While NAR influence on government and legislation remains important, to believe that they are going to out-innovate these more nimble startups is just hubris at this point. The decision making ability at NAR is too slow and cumbersome and too steeped in legacy and restrictions to win this game.

Being a valued industry partner

While it has declined from a few years back, fear of Zillow and Trulia remains for many real estate agents and brokerages. The most common fear is that these internet companies are striving to replace industry institutions like the MLS or will somehow reduce the role of the real estate agent in a transaction.

zillowI think much of this fear is unfounded.

The revenue of a Zillow or Trulia relies 100 percent on the success of agents and brokerages who participate on their platform. Like newspapers before them, there will continue to be a tension between the cost of advertising and the results that it delivers. If they deliver the consumer to real estate agents at reasonable advertising rates and deliver measurable results and ROI, they will continue to be successful. If not, they will fail.

What is most striking to me is that Zillow and Trulia are increasingly providing helpful and practical information for the real estate practitioner, often where many real estate franchises and brokerages remain quiet. I get lots of useful tips and tricks in my inbox, nicely-formatted market statistics, online webinars, marketing templates and even an upcoming national convention in Las Vegas for Zillow Agents to learn and share best practices.

A combined Zillow and Trulia needs to keep doing more of this by prioritizing success of their agents, not the demands of Wall Street investors.

Protectionism is not the answer

Many real estate agents still say “Let’s take back our listings. The data is ours, and if we take away the listings from Zillow, then consumers will come to our sites instead.”

Spencer Rascoff
Spencer Rascoff

The first flaw in this argument goes back to my earlier point. Consumers like good websites and apps and are not going to magically change to suckier alternatives, even if the data isn’t perfect.

The bigger problem with this argument is that I think it fails to address an agent’s legal and ethical duty to their seller to market the property. In Washington, that duty reads “to make a good faith and continuous effort to find a buyer for the property.” With combined traffic of over 100 million consumers visiting Zillow and Trulia today, it is hard to find a compelling reason why sellers would not want their properties marketed on these sites.
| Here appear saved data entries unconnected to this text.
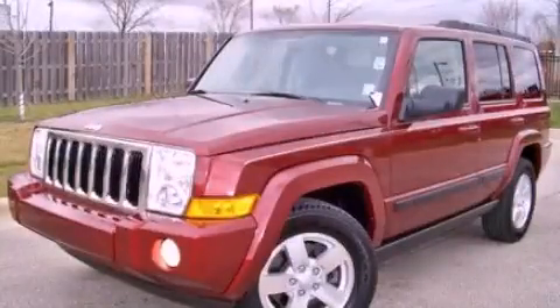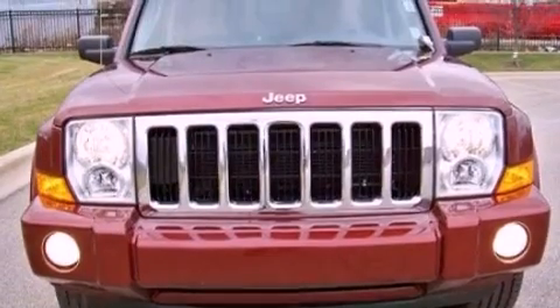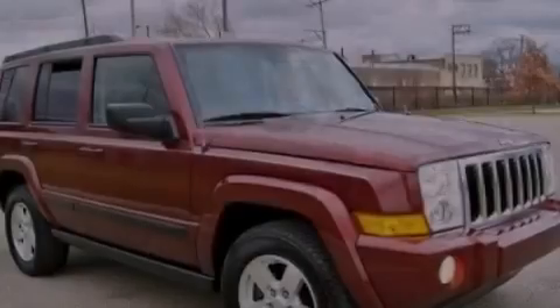This is a 2007 Jeep Commander, a big SUV for big fun. It has a 4.7-liter, eight-cylinder engine and an automatic transmission.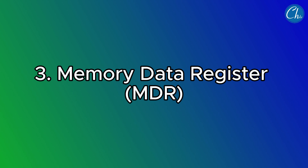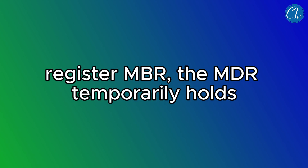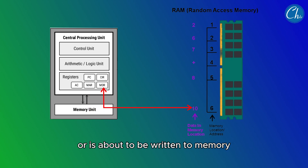The third is the Memory Data Register (MDR), also known as the Memory Buffer Register (MBR). The MDR temporarily holds the data that has just been read from memory or is about to be written to memory. It acts as a buffer between the processor and the main memory.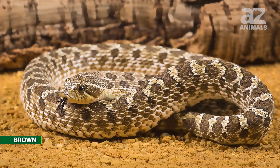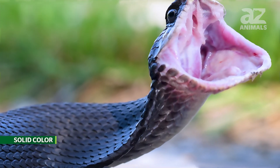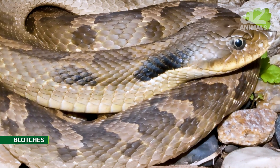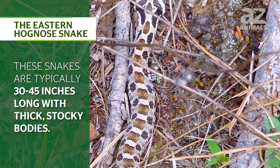These snakes come in a wide variety of colors and patterns depending on where they live. They're often brown, black, gray, green, red, yellow, orange, or even a combination of these colors. Some have one solid color, while others have dark spots or blotches along the length of their bodies to help them blend into their environment. These snakes are typically 30 to 45 inches long, with thick, stocky bodies.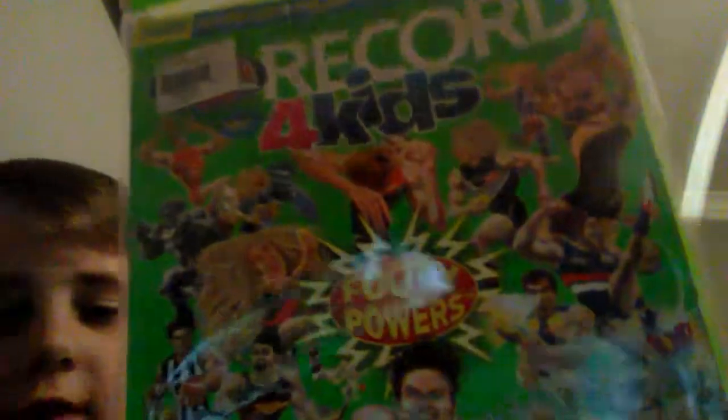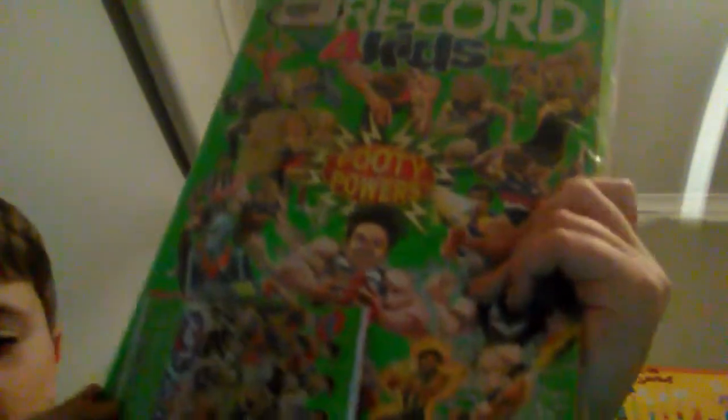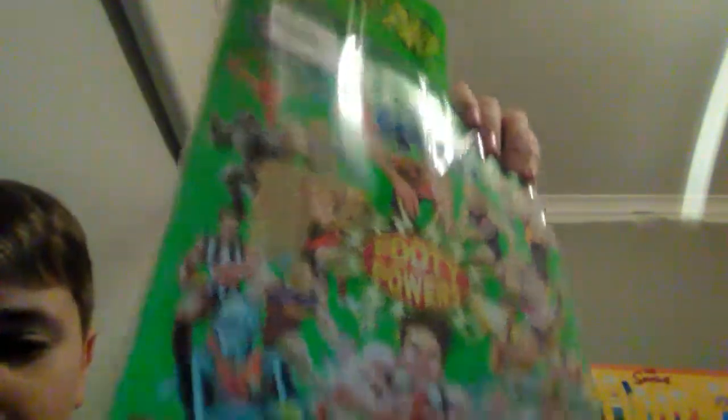So now on to the main thing - the footy records for kids. It's sort of open, so I think it's a free pack, and it also includes a free pop-up - not inside the pack but separate. That's the back, it's got all the stuff. Now let's open it - I'll open the pack first.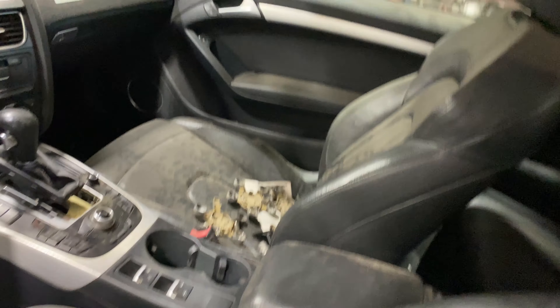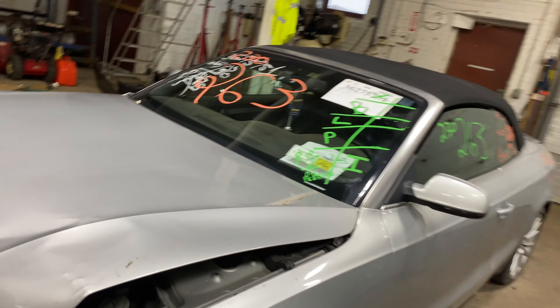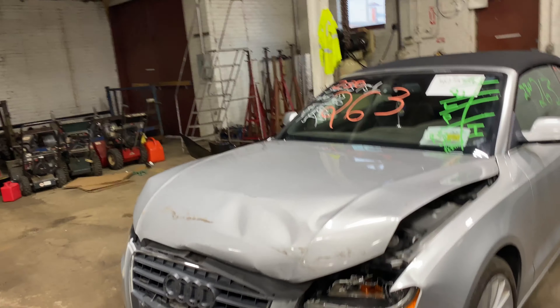This one does have black leather interior trim. As you can see, plenty of great parts still left on this 2011 Audi A5 convertible, and many others.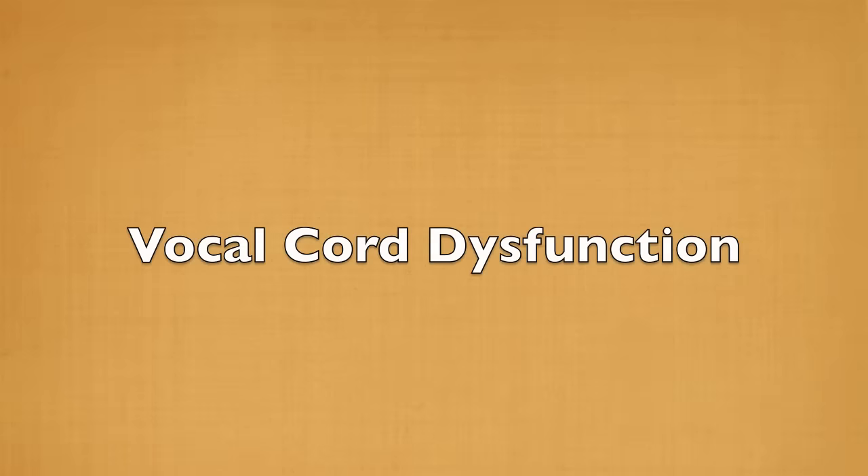Vocal Cord Dysfunction, also known as Paradoxical Vocal Cord Movement, is when the vocal cords come together when the person is trying to breathe. Recall that the vocal cords are supposed to move apart with breathing.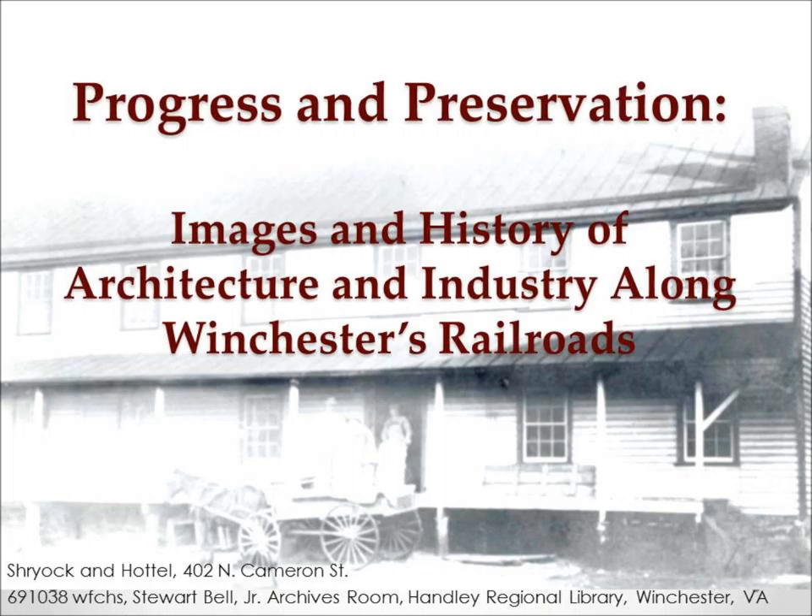Thank you all for coming out and listening to this lecture. As you may know, we had some technical difficulties, so we are re-recording a fresh version here for you today. I am Sandra Bosley, the Executive Director for Preservation of Historic Winchester, and I will be presenting images and history of architecture and industry along Winchester's railroads.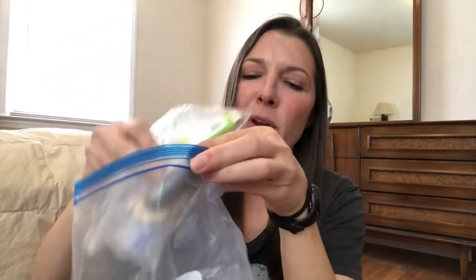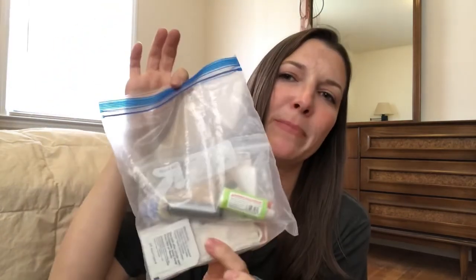One little mini lighter, an extra washer for the Sawyer Squeeze because if I lose mine it won't work, and one extra SmartWater bottle lid — only because I've had one break on me before. All of those repair items I put in a little snack-size bag together and put it inside the quart-size bag with my first aid supplies.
Real estate brokers will also complain that these sites have inaccurate listing data. That is a problem of the industry’s own making. Real estate listings exist on these sites because brokerages send them feeds and agents post listings manually.

When listing data is out of date, it is the fault of the brokerages and agents who posted the data. The constant bickering on whether the industry should share data with these sites has lead to a hodgepodge of manual data entry. The technology exists to easily fix this problem, yet entrenched players continue to fight it in hopes of hurting these sites to benefit their own. The industry owes it to consumers to present accurate and up-to-date information no matter where it is presented.

Real estate agents and brokerages are going to have to live with these sites for the foreseeable future. Their consumer traction is too great to ignore, and successful agents will find ways to leverage these sites to their advantage, not fight them with reactionary tactics.

Pros & cons of the merger

Consumers will certainly benefit from the combined entity. By pooling development resources and knowledge, it is not hard to see the combined site being even more compelling for the real estate consumer.

As an agent and brokerage owner, it does simplify things. Consolidating our marketing channels makes it easier to budget for marketing and advertising. I will no longer have to spend time debating which one to support with my marketing dollars.

The downside of the merger is a lessening of competition for our advertising dollars, potentially leading to higher rates and lower ROI.

To be successful, the combined company is going to have to continue its efforts to delight the customer and make their agents successful, even if that means not catering to the short-term wishes of Wall Street.